* [Problem requirements]:
For the listing below, return the line containing "Secondary Palette III Framed Print", the line containing "ロータスのビスコフがあった", and all lines in between, exactly as written and nothing else.

* [Supplied material]:
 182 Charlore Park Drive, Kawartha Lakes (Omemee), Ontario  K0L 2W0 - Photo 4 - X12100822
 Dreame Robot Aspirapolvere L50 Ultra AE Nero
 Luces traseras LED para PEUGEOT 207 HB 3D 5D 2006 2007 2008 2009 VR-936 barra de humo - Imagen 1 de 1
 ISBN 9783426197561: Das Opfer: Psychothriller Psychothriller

---

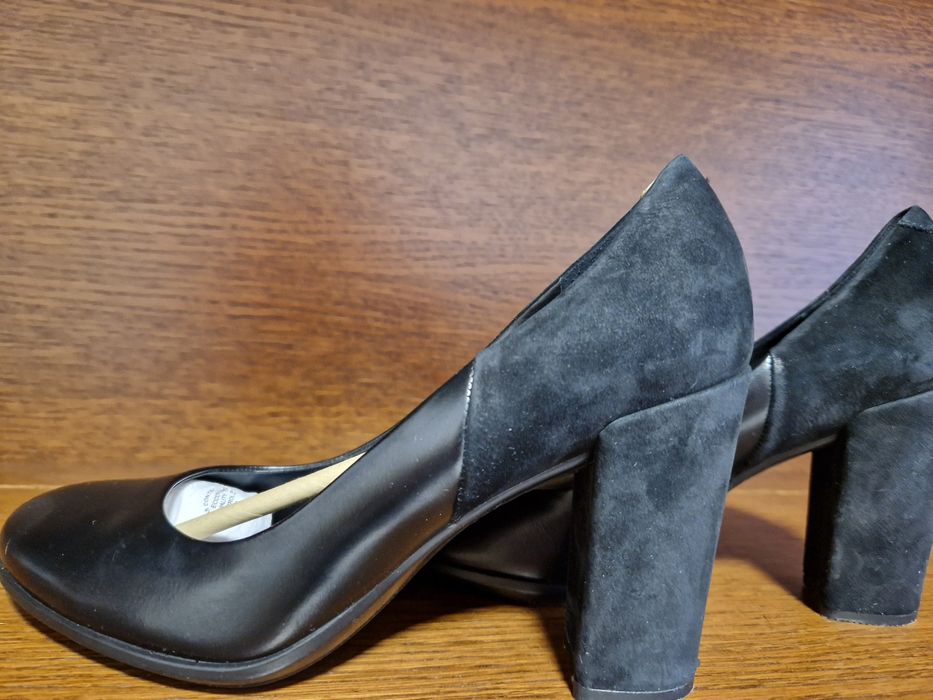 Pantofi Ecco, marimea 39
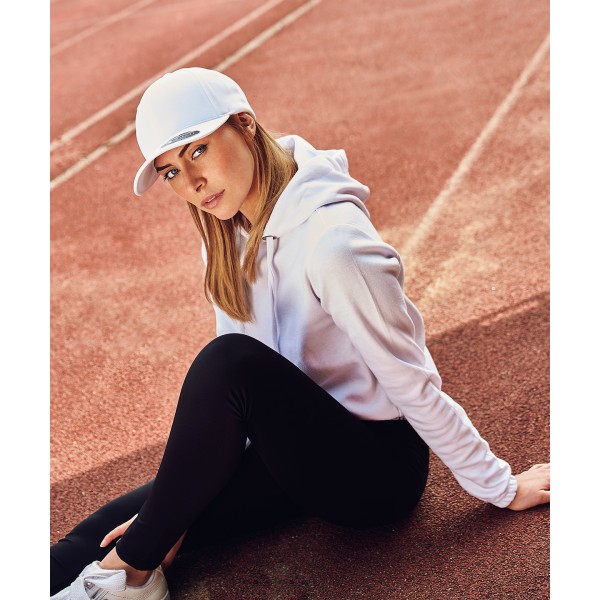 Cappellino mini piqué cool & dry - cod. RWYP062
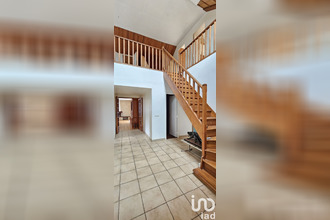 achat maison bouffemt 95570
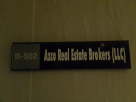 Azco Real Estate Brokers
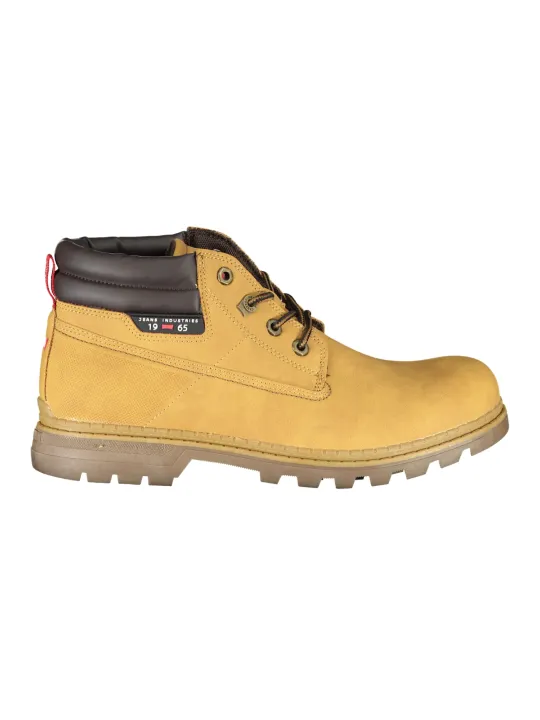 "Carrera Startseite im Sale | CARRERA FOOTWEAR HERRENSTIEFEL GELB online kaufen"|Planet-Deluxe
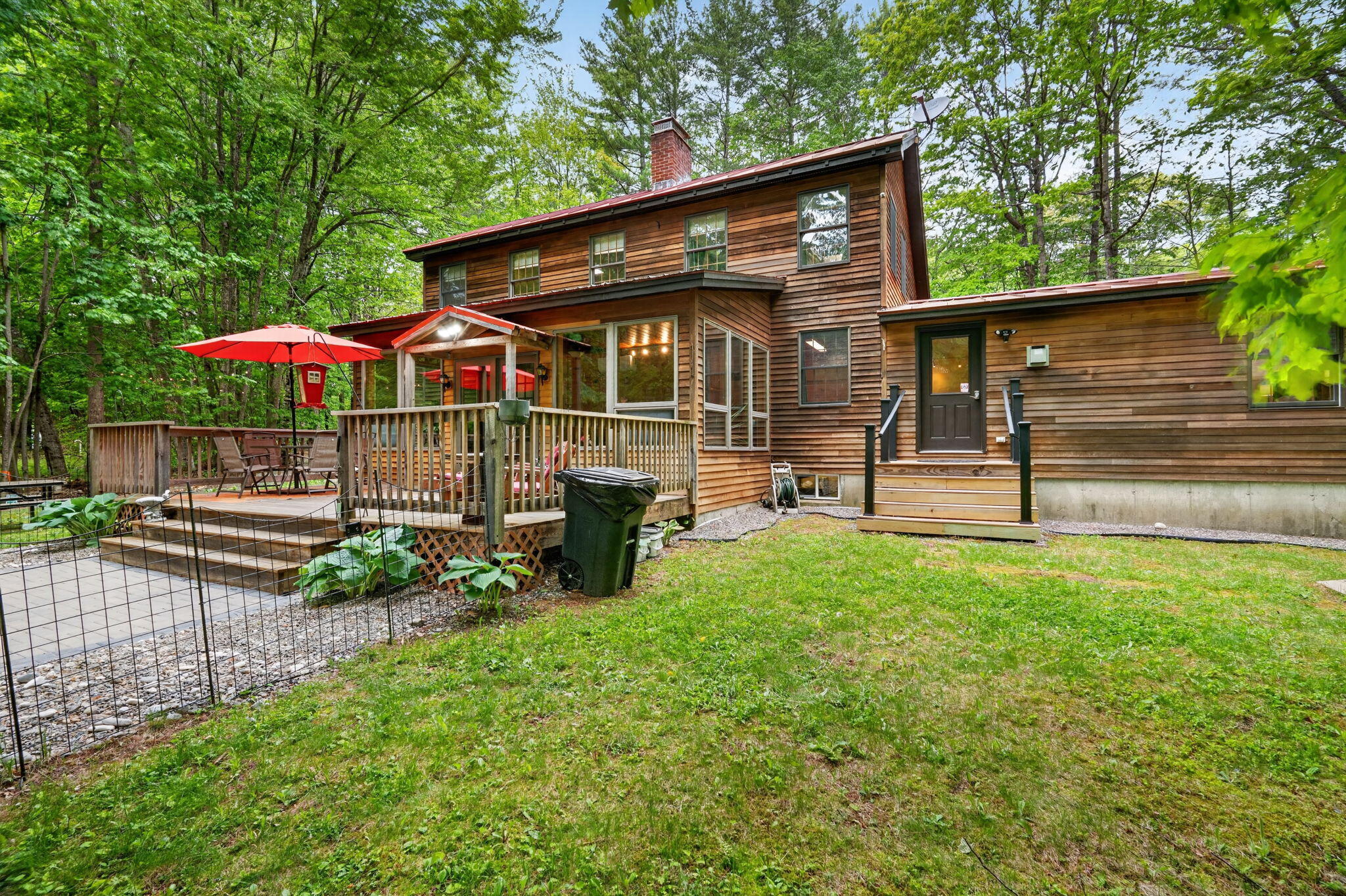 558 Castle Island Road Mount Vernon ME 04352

--

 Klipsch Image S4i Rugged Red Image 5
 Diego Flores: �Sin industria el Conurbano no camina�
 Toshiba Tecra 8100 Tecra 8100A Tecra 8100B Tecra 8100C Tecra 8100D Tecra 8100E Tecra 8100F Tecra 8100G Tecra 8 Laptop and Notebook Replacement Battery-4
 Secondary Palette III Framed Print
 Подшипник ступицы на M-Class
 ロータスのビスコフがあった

* [Reply]:
 Secondary Palette III Framed Print
 Подшипник ступицы на M-Class
 ロータスのビスコフがあった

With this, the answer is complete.